Before she leaves, she takes the Kid’s Ricin-filled sachet of sugar and secretly pours it into the Man’s tea. She makes sure he drinks it before she leaves.  Her debt is repaid.

Returning to her car she sees a note left on the seat, her name written on the front.  “ANNIE”. The first time we find out her name.  The note has a roll of money with it that says:  

“FIND DANNY”.

Signed “MATT”. The first time we learn the Kid’s name.  He is no longer a package, or delivery, or contract. He is Matt.

Annie throws the car into gear and drives off across the mountains. 

Matt has given back Annie her name, and a purpose: to find her son, Danny.

© Marc Jobst

Mood Boards I Powder

Every mile brings her closer to freedom.

Every minute takes him closer to death.

A beautiful, brutal road trip.

Director Statement I Powder

POWDER is a character-led road movie with a ticking clock. Both characters have a deadline to meet, but with reverse outcomes: each mile takes The Woman closer to freedom; every minute leads The Kid closer to death. 

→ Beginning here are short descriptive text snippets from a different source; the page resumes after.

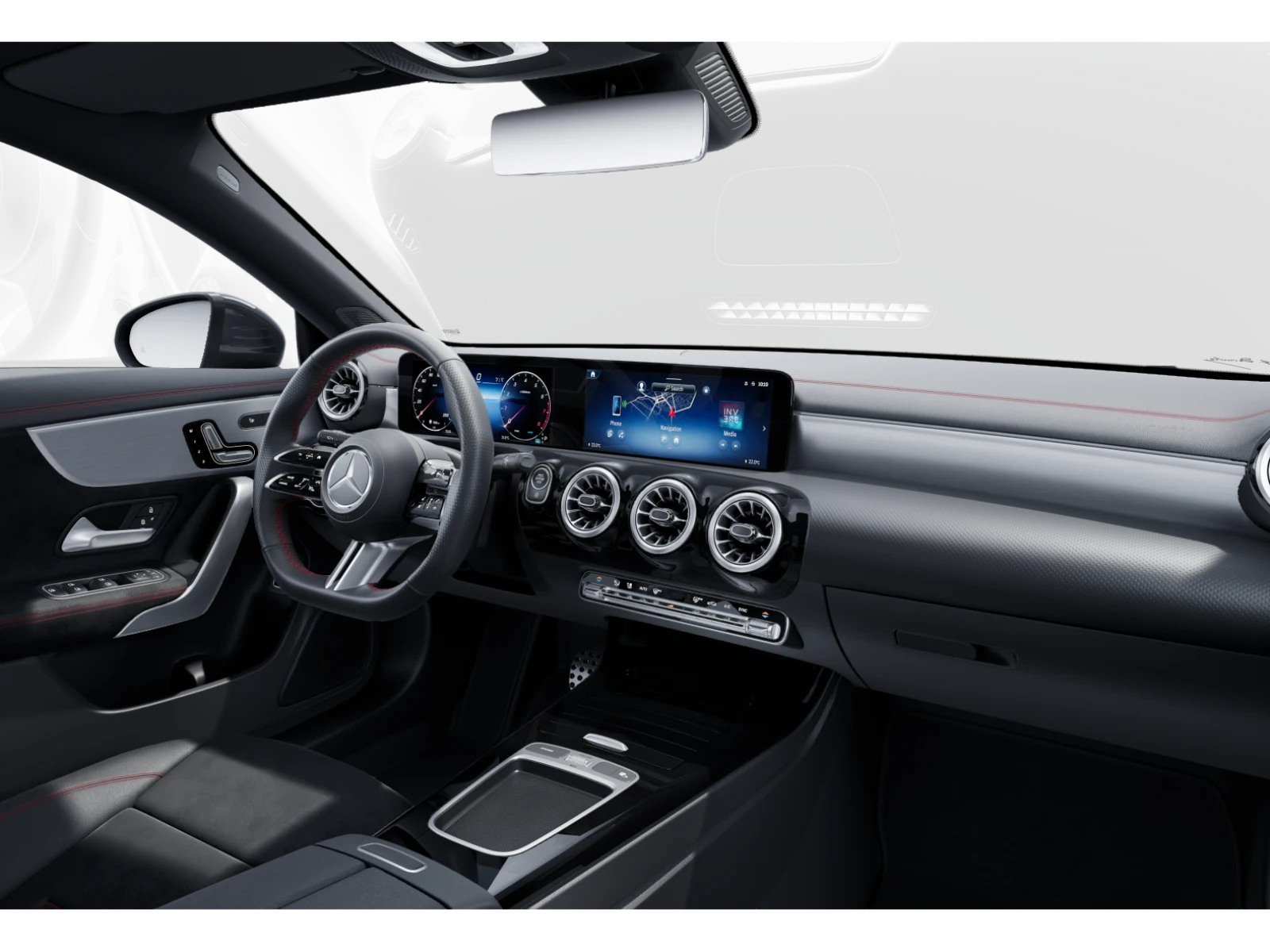 Mercedes-Benz CLA Classe CLA 220 4MATIC Coupé AMG Line
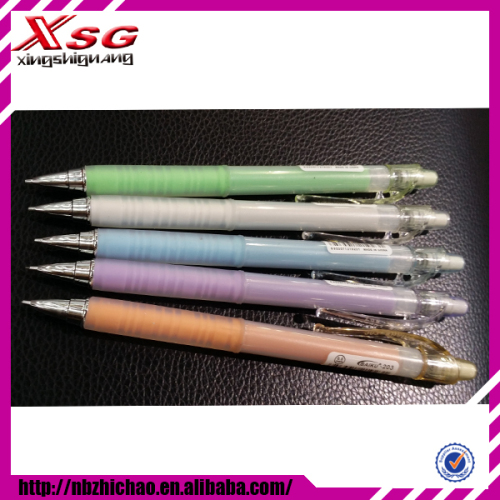 2015 Hot Multipurpose Stationery 0.5/0.7Mm Side Click Mechanical Pencils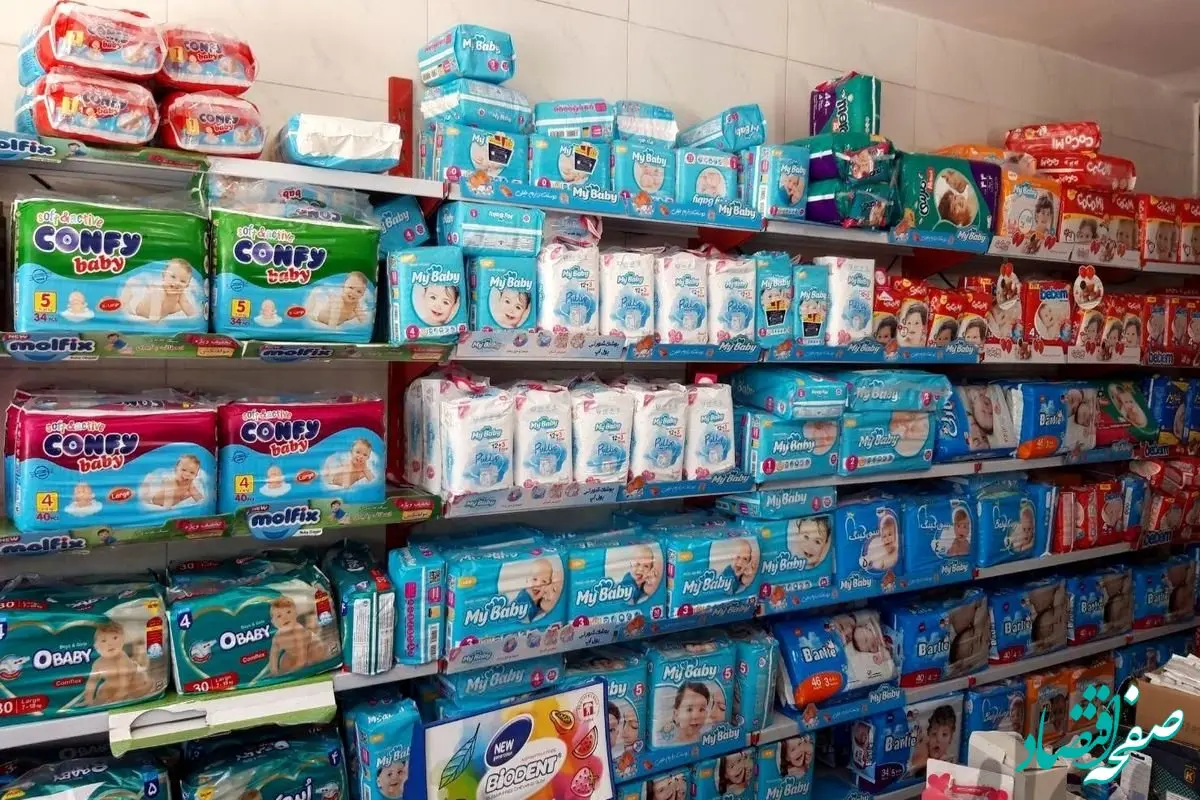 افزایش سرسام‌آور قیمت پوشک | کاهش قیمت دلار هم نتوانست قیمت پوشک را کاهش دهد!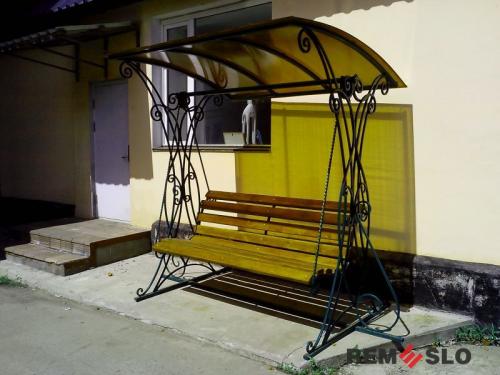 Кованая качель №11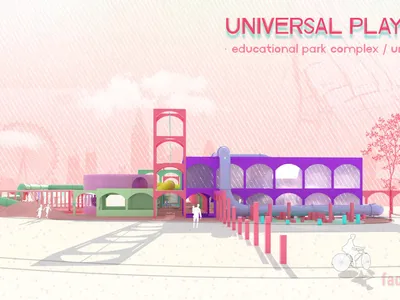 Universal Playground: Where Playful Learning Shapes a More United Future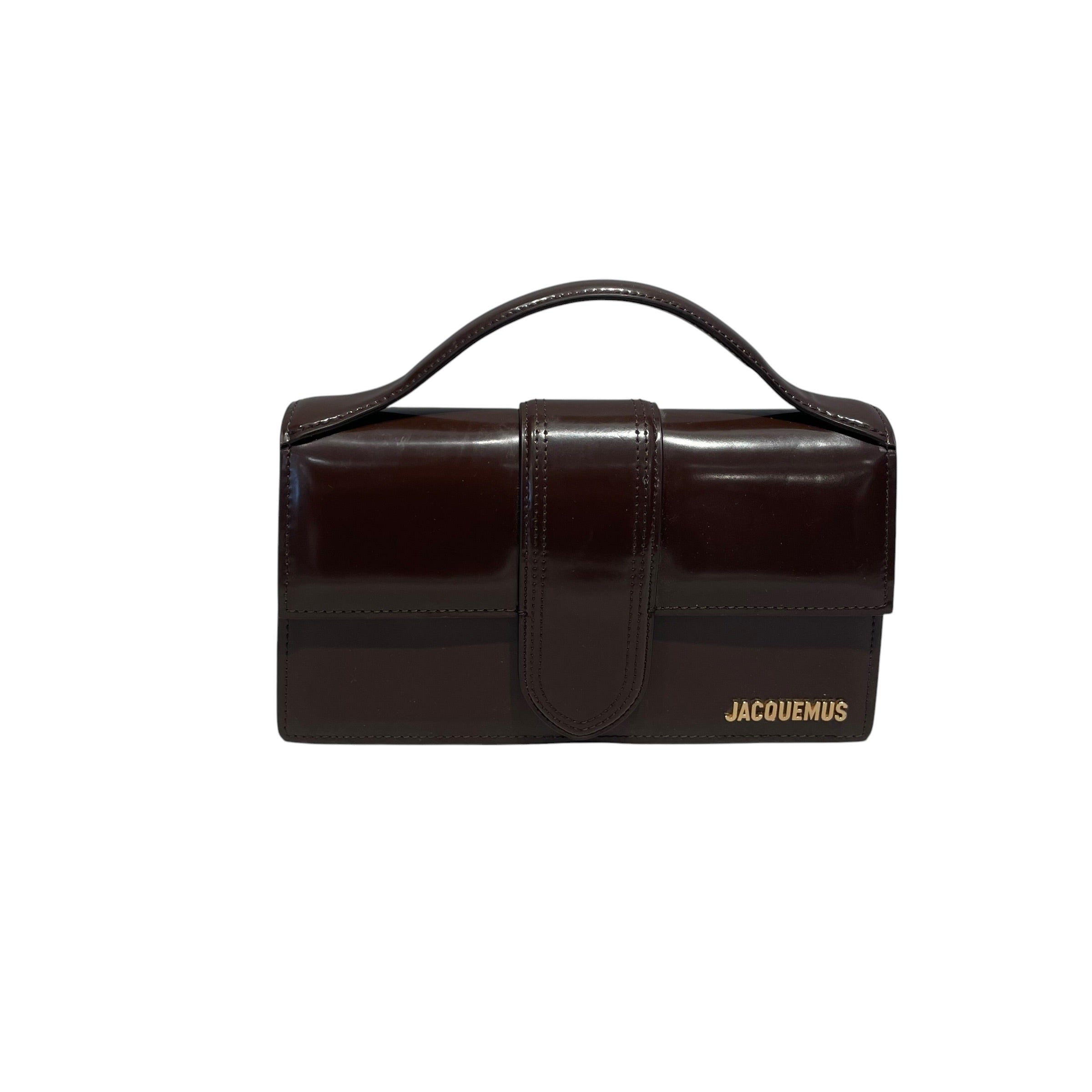 JACQUEMUS/Bag/Leather/BRW/Jacquemus Le Grand Bambino view 1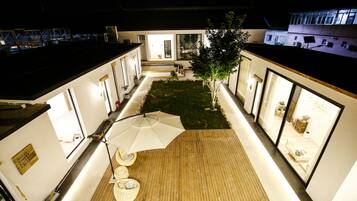 Elite-Ferienhaus | Außenbereich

From the cold, transactional purpose of the journey the film gradually pries open the heart of the characters and we begin to understand and fall in love with them both.  What has The Kid done to warrant this fate? Why is The Woman contracted to deliver him?  Does it have to end like this?   The skill in the writing is to continually make us ask questions, to take time to answer them, and to find the warmth and humour within the shadows. 

POWDER is an actor’s film, with two outstanding lead roles that can deliver a truly memorable relationship.  As with movies like Three Billboards, Manchester By The Sea, American Honey, Moonlight or Rider, the characters seep into the audience’s mind and linger for days.  

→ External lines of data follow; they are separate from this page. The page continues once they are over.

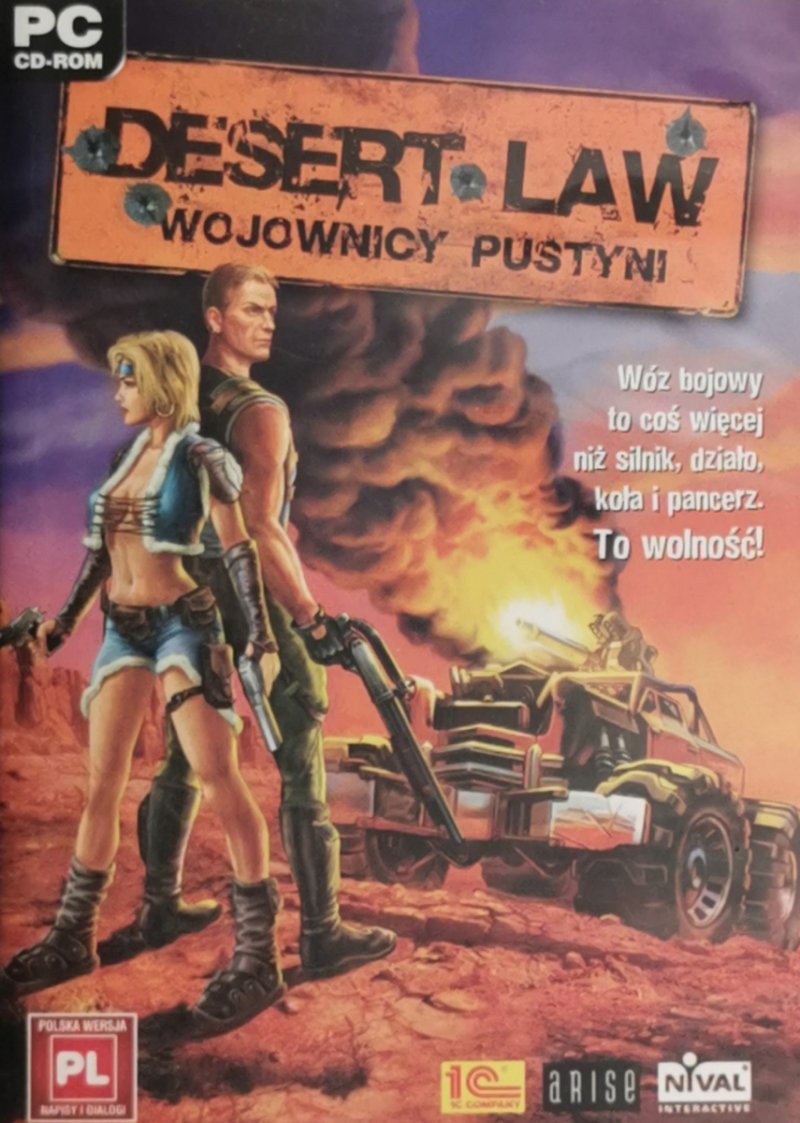 CD. DESERT LAW WOJOWNICY PUSTYNI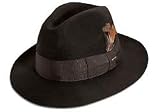 Scala Wool Felt Fedora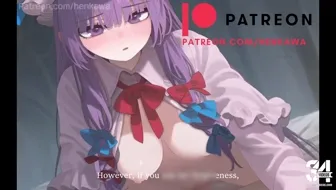 Patchouli knowledge touhou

The film needs to feel present tense, unfolding, minute-by-minute, with the characters. Scenes should always feel immediate, with every next moment a discovery.  That means shooting with a fluid camera, probing and responding with long takes that don’t rely on traditional coverage.

Half way through their journey they arrive in Blackpool.  Their growing bond allows them to let go – liberation from the pressure of their fates before Glasgow. 

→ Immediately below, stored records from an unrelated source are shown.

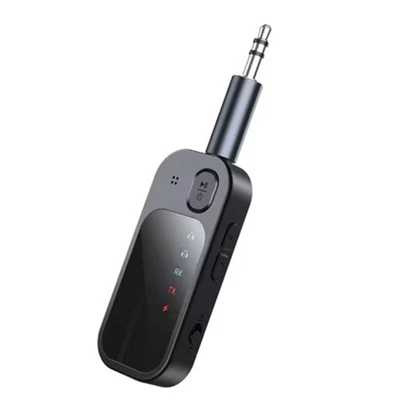 Bluetooth 5.4 Transmitter Receiver 2-in-1  Bluetooth Adapter-Use with Any 34125 - Image 1 of 4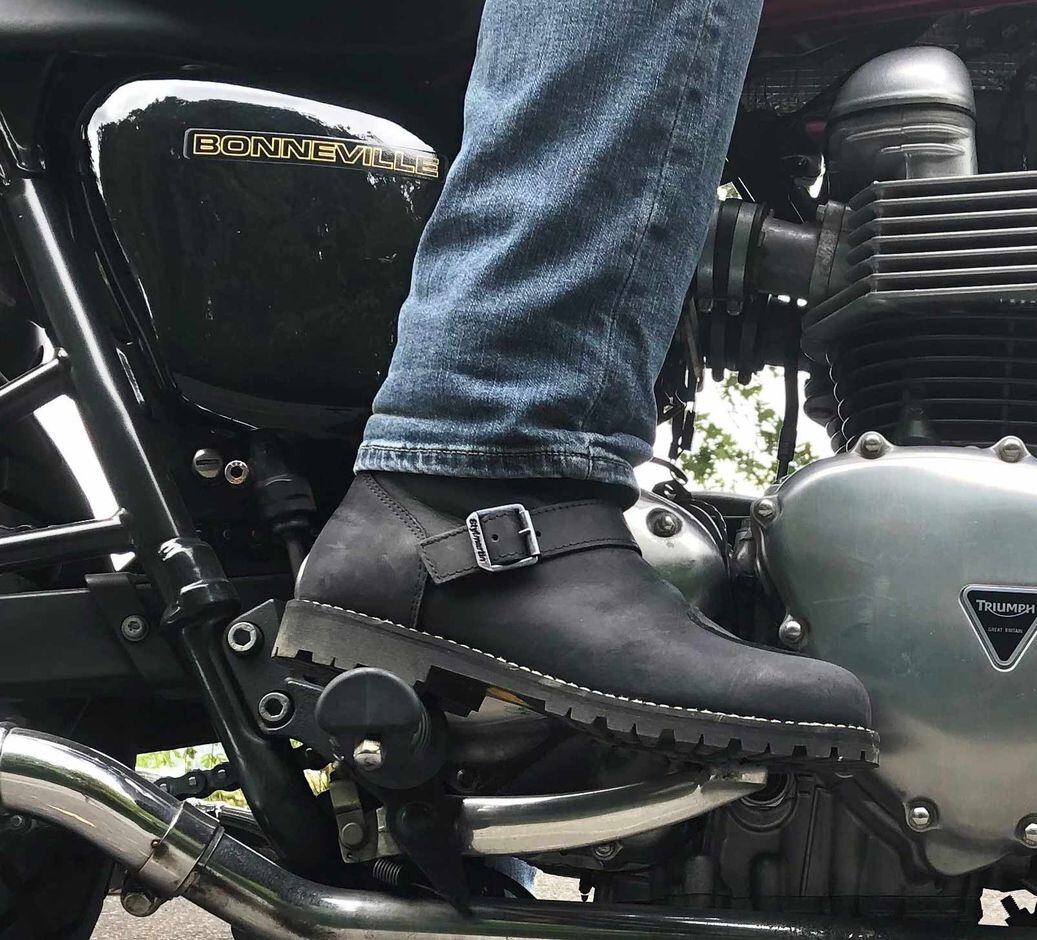Stylmartin Legend Mid WP Black Boot Review Motorcycle Cruiser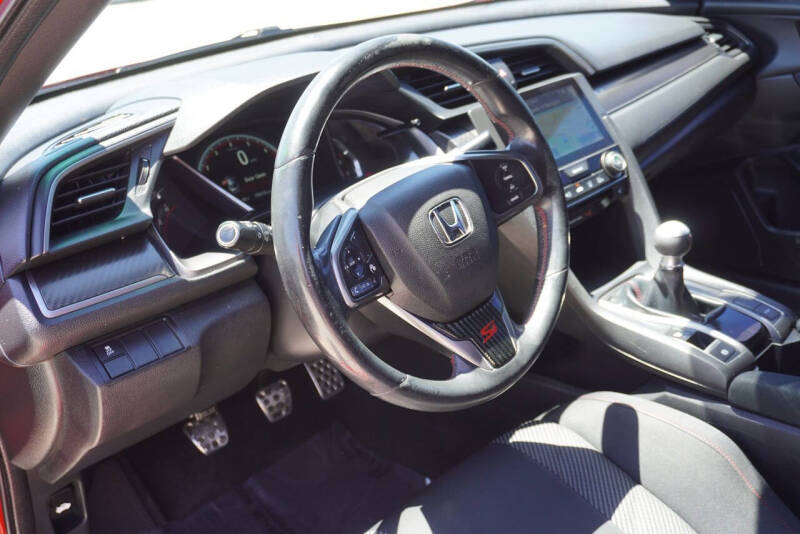 2017 Honda Civic Si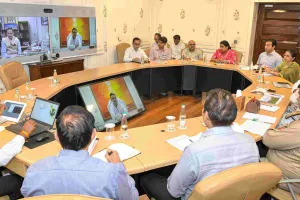 मानसून-2026 के पौधारोपण लक्ष्य पर भजनलाल शर्मा की समीक्षा बैठक : अधिकारयों को दिए विस्तृत कार्ययोजना बनाने के निर्देश, कहा-  हरित क्षेत्र का विस्तार और पर्यावरण संरक्षण सरकार की प्राथमिकता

The garish colours, loud groups, playful release in the fairground becomes the backdrop to their growing closeness, creating a bright, dizzying whirl.

Recognising their closeness to Glasgow, and the finality that brings, the evening becomes the equivalent of the Kid’s last wishes and both he and the Woman enjoy a night of freedom.

The morning after the night before brings pulses of adrenaline and a stark reality.  As they drive closer to Glasgow the tone changes: from the bright oblivion of Blackpool, to the bleak landscapes of the Cumbrian hills. 

The camera opens up, setting the characters small against a vast backdrop. The space, sky, silence, brings an intensity and claustrophobia to the story, paralleling the dread of their emotions.  The palette becomes raw: colour is more natural; sounds become close intensifying their aloneness; uncoated lenses convey fragility.

They speak less; they internalize more.  Silence plays its part.

We’ll shoot in story order, progressing up the country with the car, the characters and the story. There are deliberate references to the world outside their car: what life, what story, is held in the person or car passing by?

Chemistry between the actors is key.  We move from distance between the characters, to a closeness that echoes the shared mother/son relationship both have lost.  In rehearsal we’ll play with character -  away from script – the more detailed and precise we can be, the more universal the story becomes. 

POWDER is tough, bold, honest, tender. At the beginning it appears to be the Kid’s film, but quickly reveals itself to be The Woman’s.  The Woman is finally named: Annie.  The boy too: Matt.  He ultimately brings her closer to herself and to her lost son and asks us to look behind the instant judgments we attribute to people.  POWDER starts with a contract, but ends in a friendship, making Annie’s decision at the end ever more heart breaking and memorable.